Have Lots Of Friends But Still Feel Lonely? Here’s The Reason Why
When was the last time you felt lonely? Was it a week ago? Yesterday? Perhaps a few hours ago?
And why exactly do you think you felt lonely?
One of the common beliefs is that being lonely is the same as being alone. This means your periods of solitude should obviously be counted as your periods of loneliness.
This, however, is not entirely true.
If you choose not to socialise a lot with friends or you prefer spending a great deal of time alone, it does not actually mean you are lonely. Isolation or solitude can be a factor but that does not tell the whole story of how lonely a person is.
If you are alone and upset, you are not necessarily lonely. Do not give the state of solitude a bad rap.
There are in fact people who maintain enough social connections. They occasionally or regularly hang out and attend parties, but still feel lonely and isolated deep inside.
Because what is missing in those relationships is the vital element of closeness.
It is the element that determines the quality of the relationship.
It is the element that makes a relationship meaningful.
It is the pivotal element that determines whether you feel truly connected to the person(s) you are with.
This is where the following definition of loneliness from the Encyclopedia of Human Relationship comes into play:
“Loneliness is the distress that results from discrepancies between ideal and perceived social relationships.”
You may have lots of friends, but how close are you with them? Do you feel genuinely connected to them when they are around you? Does it give you a feeling of satisfaction when you are spending time with them?
If not, you will be distressed.
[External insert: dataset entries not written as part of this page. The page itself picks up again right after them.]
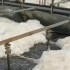 内江博威能源化工有限公司焦化废水好氧池改造项目
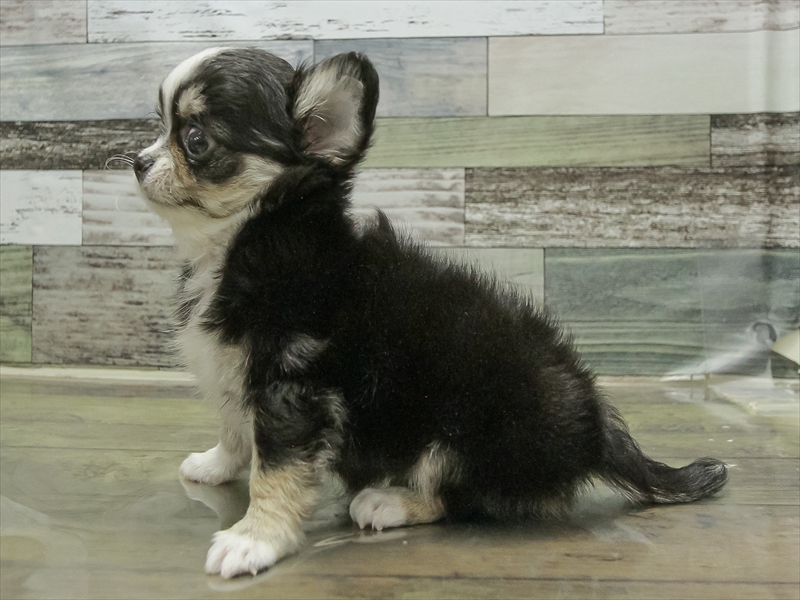 愛知県のチワワ(ロング) (ワンラブイオンモール新瑞橋店/2025年10月25日生まれ/男の子/ブラッククリームホワイト)の子犬の2枚目の画像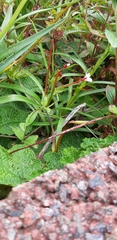 Epilobium amurense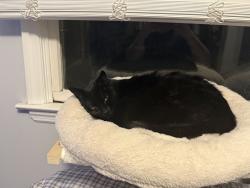 Lost Female Cat last seen greenwood village, Manorville, NY 11949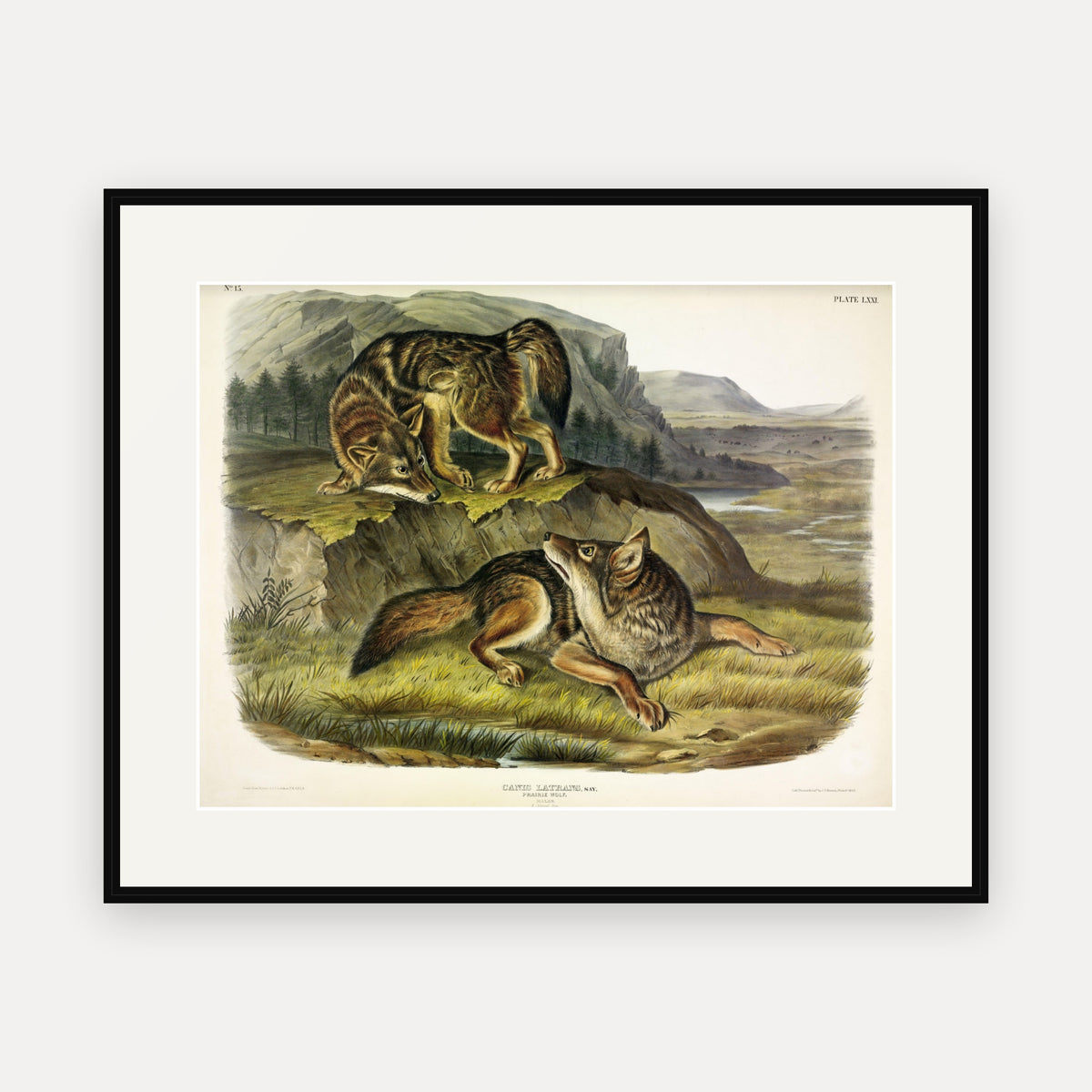 Prairie Wolf · Plate 71 · Audubon - Quadrupeds of North America Print framed print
You will feel a sense of sadness and disappointment.
Eventually, you will feel lonely. You will feel disconnected.
In this interview with The Guardian, Professor John Cacioppo, director of the University of Chicago’s Centre for Cognitive and Social Neuroscience, said:
“The brain is the organ for creating, monitoring, nurturing and retaining social connections. So it does not matter whether you actually have these connections. What is important is whether you feel that you have them.
There is a big difference between objective isolation and perceived isolation, and perceived isolation is loneliness.”
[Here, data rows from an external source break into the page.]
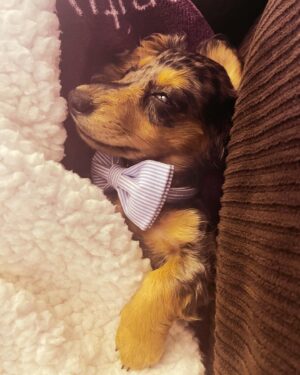 Annika Pampel Instagram - Little #judgy #sausage … she clearly has an opinion. #sassy #minidachshund #dobby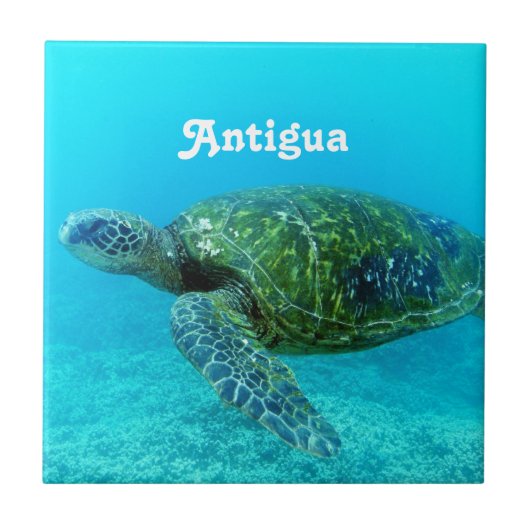 Antigua Hawk Bodemschildpad Tegeltje (Voorkant)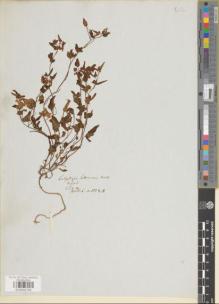 Type specimen at Edinburgh (E). Wallich, Nathaniel: 1328A. Barcode: E00992792.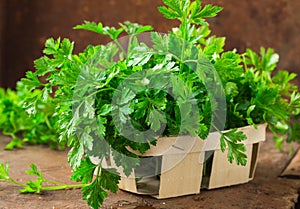 Delicious Parsley sprigs in a brown wicker basket and wooden board. Garden parsley herbs. Organic effective source of anti-oxidant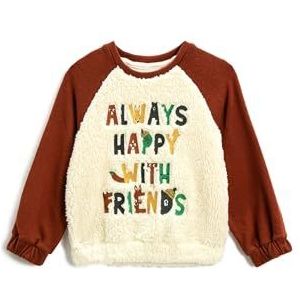 Koton Babyboys Shearling Knit Detail Sweat geborduurd sweatshirt, ecru(010), 12-18 Maanden
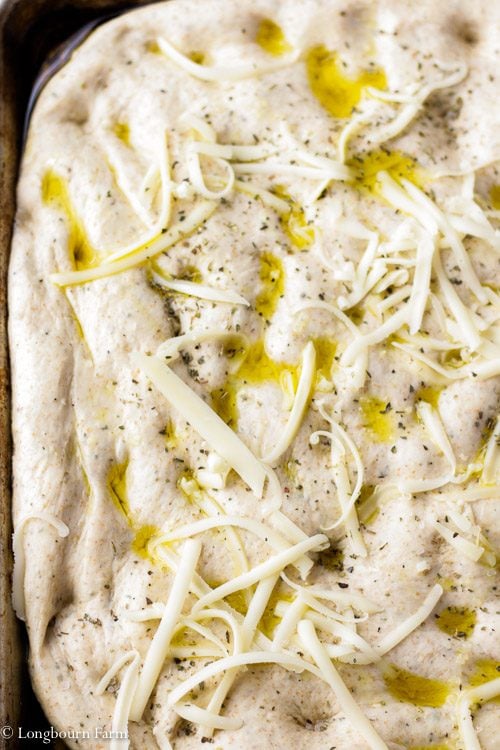 Prepped homemade focaccia recipe dough topped with olive oil, cheese, and herbs ready to go into the oven.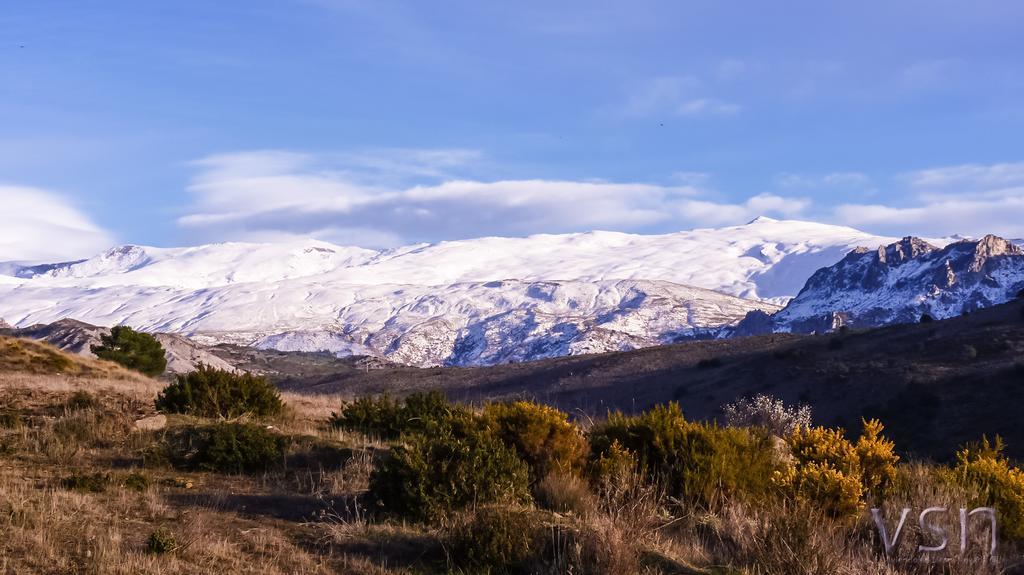 Green Peaks B&B Country House Alojamiento Rural Cortijo de Balsain Ngoại thất bức ảnh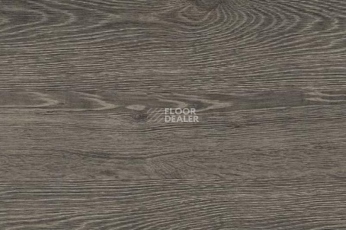 Пробковое покрытие Wood OAK RUSTIC SILVER фото 1 | FLOORDEALER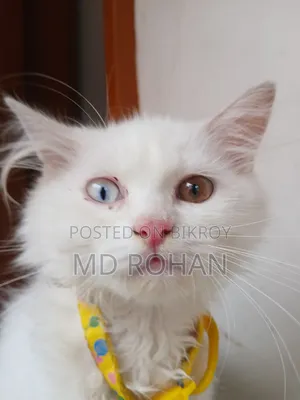 1-3 Months Male Purebred Persian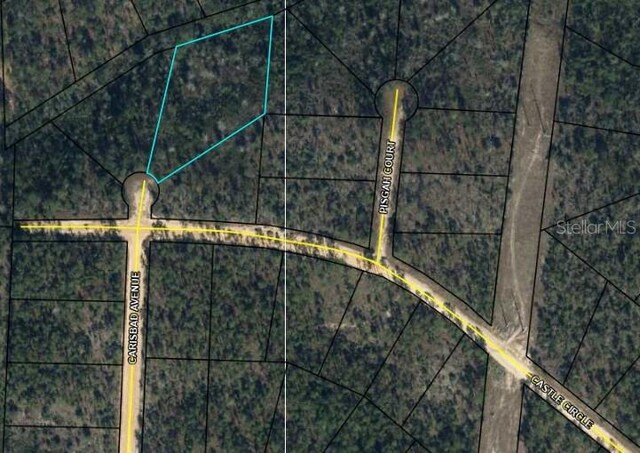 Castle Cir, Alford, FL 32420 - photo 23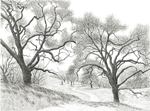 Two oaks, Briones Regional Park, California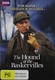 The Hound of the Baskervilles (1982–1982)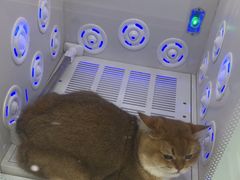 -爱洗澡的猫(天河路店)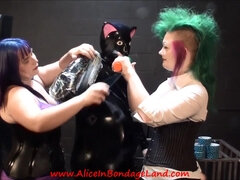 Rubber Kitty Punch Shagging - Femdom Porn
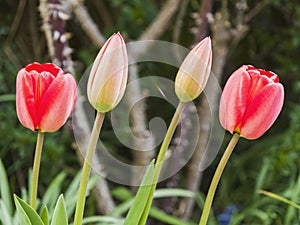 Tulip heads opening blooms in a spring garden.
Having a lot of friends and not having any close tie with them is not the solution. That is the situation when people feel lonely in a crowd. Evidently, a relationship that only exists on the surface level lacks the closeness element.
On the other hand, having a few friends is just fine if there is this intimate, meaningful relationship where both parties understand each other well. It gives the feeling that “I have people in my life who really understand me and I understand them too at the same level.”
As Professor John says:
“In fact, often times, fewer is better.”
The next time you feel lonely, do not jump to the conclusion that you need more friends.
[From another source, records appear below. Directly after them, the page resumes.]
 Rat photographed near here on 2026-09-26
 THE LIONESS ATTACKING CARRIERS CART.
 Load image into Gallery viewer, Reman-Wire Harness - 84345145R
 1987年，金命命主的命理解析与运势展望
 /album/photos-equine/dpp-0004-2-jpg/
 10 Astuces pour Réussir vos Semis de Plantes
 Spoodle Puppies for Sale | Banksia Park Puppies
Instead, examine your existing relationships. Work to improve them. Make them better and stronger by becoming closer to them.
As relationship coach Kira Asatryan writes:
“The feeling of closeness arises between two people when they both feel that the other understands them well and cares about them deeply.
This feeling of being understood and valued — this feeling of closeness — is what you are really craving when you are lonely.”